● Exercise:
Your task is to copy exactly the lines from the line containing "young man with" through the end of the listing below, with pictures left out.

● Data shown:
--------------------------------

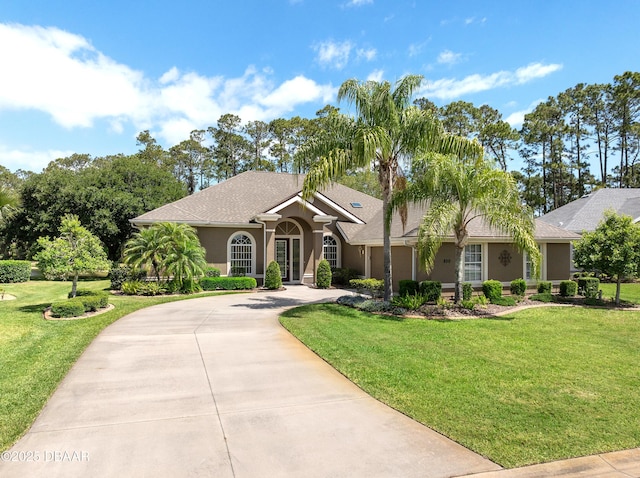 850 Westlake Dr, Ormond Beach, FL 32174 - view of front of home featuring curved driveway, a front lawn, and stucco siding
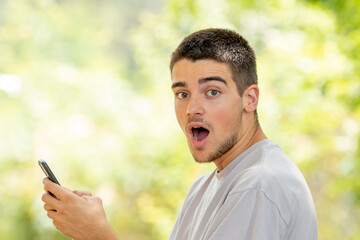 young man with mobile or cell phone outdoors with surprised expression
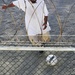 A detainee plays soccer in the recreation area of Camp Six at Joint Task Force Guantanamo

--------------------------------

● Solution to the problem:
 young man with mobile or cell phone outdoors with surprised expression
 A detainee plays soccer in the recreation area of Camp Six at Joint Task Force Guantanamo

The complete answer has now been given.